An Israeli justice ministry probe is expected to contradict police claims that a Palestinian citizen was attempting a car ramming attack when he was shot dead in January, Israeli media reported this week.
Yaqoub Abu al-Qiyan, 50, was shot by police while driving his vehicle during a pre-dawn raid to destroy homes built without permits in Umm al-Hiran. The Israeli government seeks to evacuate the Palestinian Bedouin village in the south of Israel in order to build a Jewish settlement in its place.
An officer was also killed and several demonstrators – including a Palestinian member of Israel’s parliament – were injured by sponge-tipped bullets and other weaponry fired by police during the 18 January raid.
Eyewitnesses and the slain man’s family told media that Abu al-Qiyan was attempting to leave the village and that his vehicle accelerated only after he was fired on, suggesting he became incapacitated and lost control of his car before it veered off course and drove into a group of police.
But police and senior Israeli government officials wasted no time in framing Abu al-Qiyan as a terrorist immediately after his death.
Islamic State claims
Israeli police called Abu al-Qiyan “a terrorist from the Islamic Movement,” a banned Palestinian political party in Israel, and stated they were investigating possible ties to the Islamic State – claims repeated by police spokesperson Micky Rosenfeld on Twitter.
Gilad Erdan, Israel’s public security minister, meanwhile told Channel 10 news that “As far as the police is concerned and based on the findings and the investigations, this is definitely a terror attack.”
Israeli Prime Minister Benjamin Netanyahu stated that “This is the second ramming attack in recent days,” referring to an earlier incident in which a Palestinian assailant struck and killed four soldiers with his truck.
“We are fighting this murderous phenomenon, which has struck both Israel and the world,” Netanyahu added, linking the Umm al-Hiran incident to car ramming attacks in France, Germany and the US.
During the slain officer’s funeral, Israeli police chief Roni Alsheikh called Abu al-Qiyan “a despicable terrorist.” He added that “Everyone knows that the assailant was a teacher in a school where six other teachers have been arrested for choosing to teach [Islamic State] ideology rather than the Education Ministry curriculum.”
Video soon emerged from Umm al-Hiran that cast further doubt on those strident claims.
Police aerial surveillance footage leaked to the media was synced with video recorded by a journalist on the ground and published by the UK-based research group Forensic Architecture. The group’s analysis supported eyewitness accounts that Abu al-Qiyan’s car only accelerated after he was fired on.
Forensic Architecture also identified “the clear sound of a single gunshot at a time [when] several policemen are seen surrounding the stopped vehicle,” indicating that officers shot the incapacitated Abu al-Qiyan again to verify their kill.

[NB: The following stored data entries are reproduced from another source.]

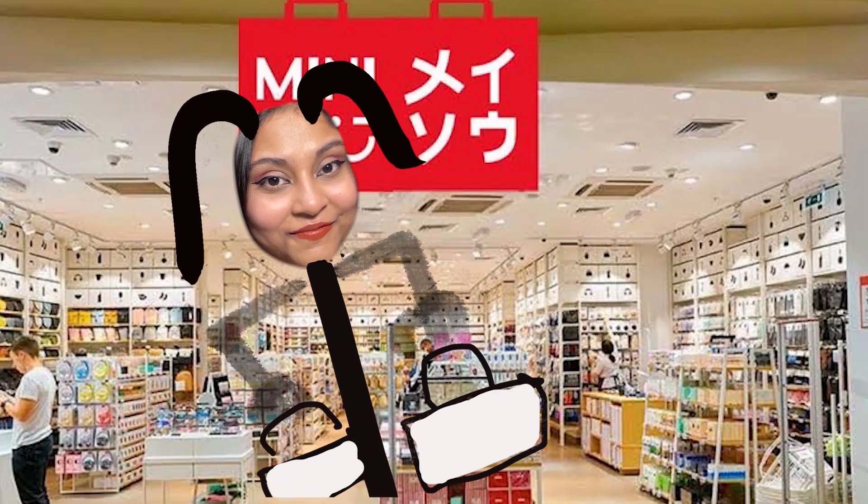I recently went on a Miniso hoarding spree and I got a bunch of perfumes from Amazon. Some of them are also from store.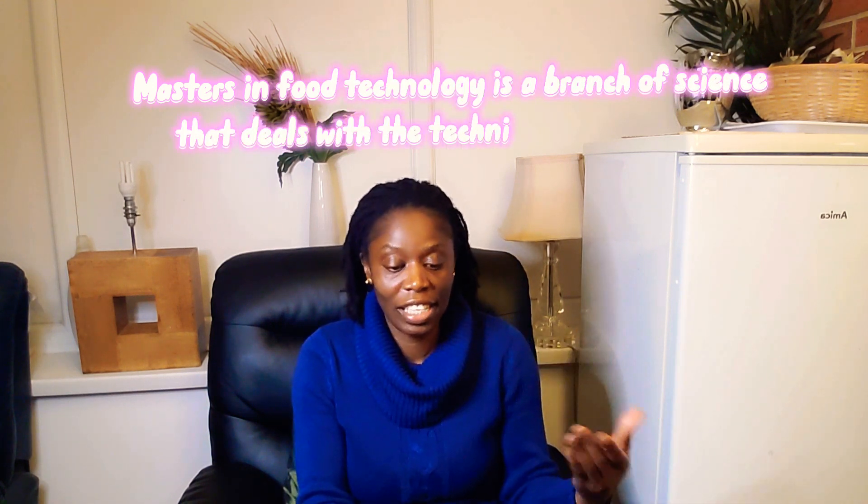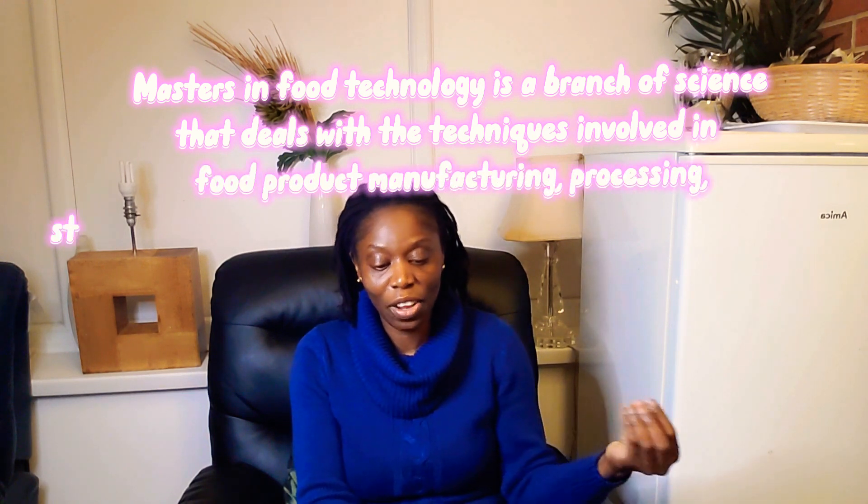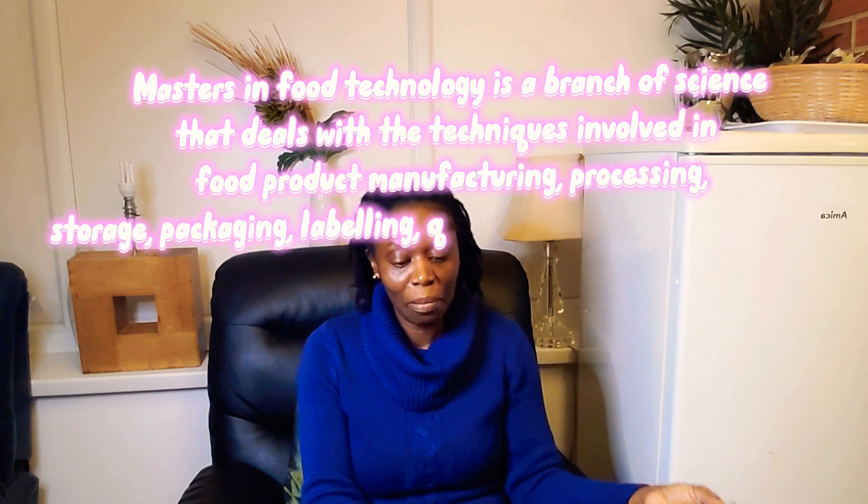Masters in food technology in the UK is a branch of science that deals with the techniques involved in food product manufacturing, processing, storage, packaging, labeling, quality control, and distribution. Studying food technology opens many doors for you.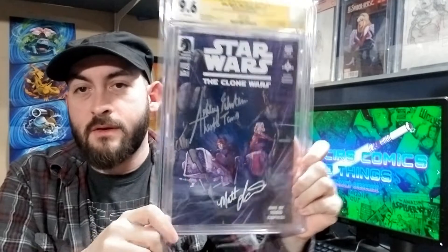Time for my 9.6 — probably my favorite comic in my collection right now. Star Wars Clone Wars number one, the variant, double-signed by Ashley Eckstein and Matt Lantern. And yeah, I paid $9 for this comic. Very happy to have that one in my collection.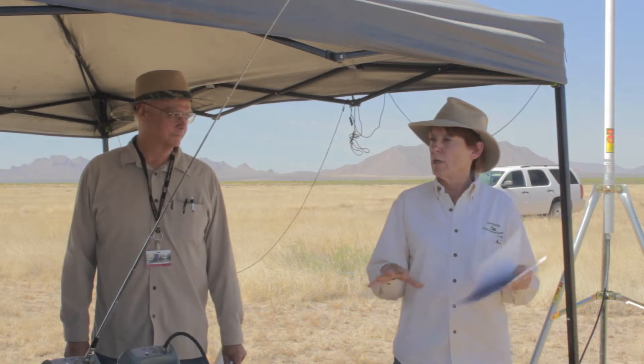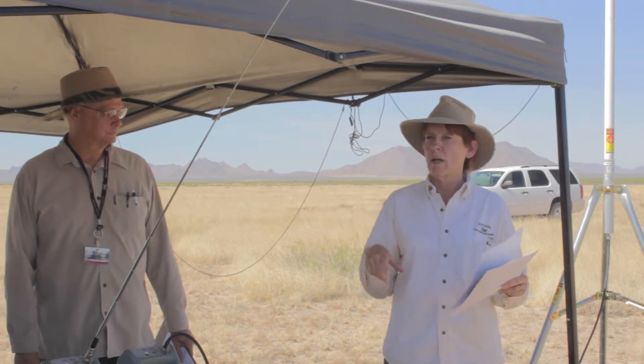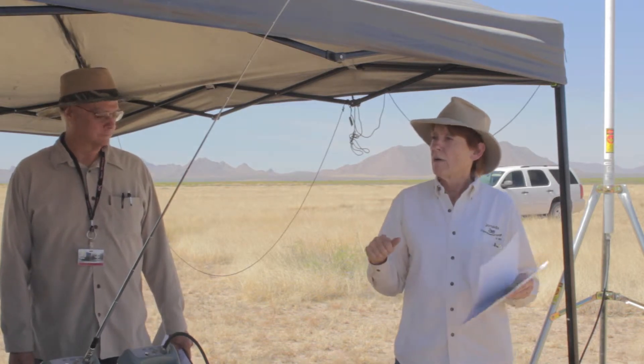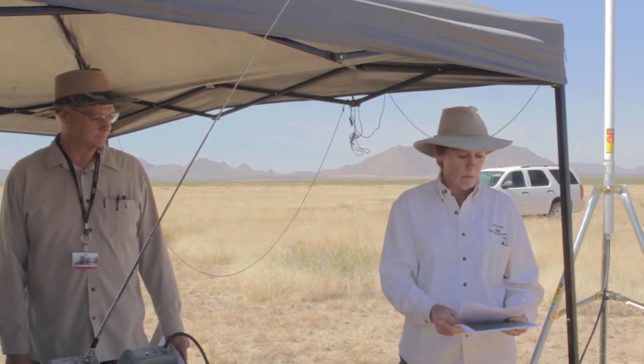The people that we're flying for want to do stereo imagery, and they are going to get 2.5 centimeter resolution. We're going to fly at 500 feet above ground level, so we're going to get a little bit better resolution than what we usually have.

Al Jazeera news footage contradicted police claims that Abu al-Qiyan’s headlights were turned off and that he was speeding towards police before he was shot.
The Israeli government has refused to give Abu al-Qiyan’s widow a copy of the initial findings of an autopsy report, and only transferred his body for burial after a rights group petitioned Israel’s high court.
Pathology reports leaked to Israeli media suggest that a bullet to Abu al-Qiyan’s leg caused his knee to lock and may have been what made him accelerate. They also indicated that a bullet wound in Abu al-Qiyan’s chest caused massive bleeding lasting up to half an hour while police prevented him from receiving first-aid.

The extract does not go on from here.